Magnesium has a role to play with thyroid and parathyroid glands in supporting bone health and eating foods that are rich in magnesium plays a fundamental role towards your overall bone health. The bones act as a storage reservoir that transfers magnesium into the blood stream in times of need.
Our bodies cannot produce calcium and it is one of the most major minerals essential for life. Calcium is found in food and also calcium supplements. Calcium helps to keep our bones strong and dense by helping our blood clot, our muscles contract as well as relax and our nerves to send signals to our brain.
3. Vitamin K2
Vitamin K2 is well known as essential in maintaining as well as improving bone health. It is created in our gut as a by-product of bacteria to prevent circumstances like osteoporosis as well as heart disease due to its anti-blood clotting behaviors. A fat-soluble vitamin K2 is necessary to stimulate osteocalcin which is an essential protein secreted by the body to build bones.
4. Vitamin D
Nearly each tissue and cell in our body has a vitamin D receptor. We need vitamin D to build bones and absorb calcium. Vitamin D requirements vary widely depending on sun exposure, geography, and current blood levels. It is important to consider supplementing vitamin D to ensure the levels of vitamins are safe. In addition to the importance of Vitamin D in bone health, it can also help prevent cancer.

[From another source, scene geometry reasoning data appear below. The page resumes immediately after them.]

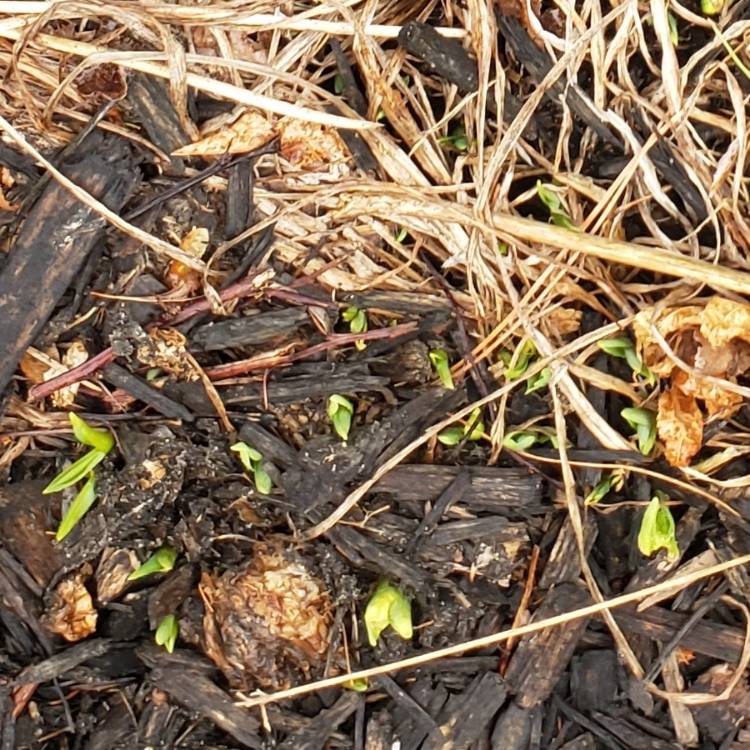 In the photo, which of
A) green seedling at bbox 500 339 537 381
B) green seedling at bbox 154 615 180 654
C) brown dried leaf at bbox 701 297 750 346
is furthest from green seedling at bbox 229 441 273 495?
brown dried leaf at bbox 701 297 750 346

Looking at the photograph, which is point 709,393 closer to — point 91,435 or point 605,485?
point 605,485

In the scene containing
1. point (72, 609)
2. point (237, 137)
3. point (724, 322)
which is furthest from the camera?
point (72, 609)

To get naturally available sources of Vitamin D, eat an abundance of fatty fish like salmon as well as tuna since maintaining strong bone density becomes more and more significant as you age.
There are also many good vitamin D supplements available. Make sure you look for vitamin D3 (not D2).
So as you can see, these vitamins and minerals all work together in chain-links to support bone health. Magnesium, calcium, vitamin K2 and Vitamin D together begin the circuit of what it means to foster healthy bones. It is essential to make sure you are getting plenty of these vitamins and minerals in your diet in order to help repair bow legs.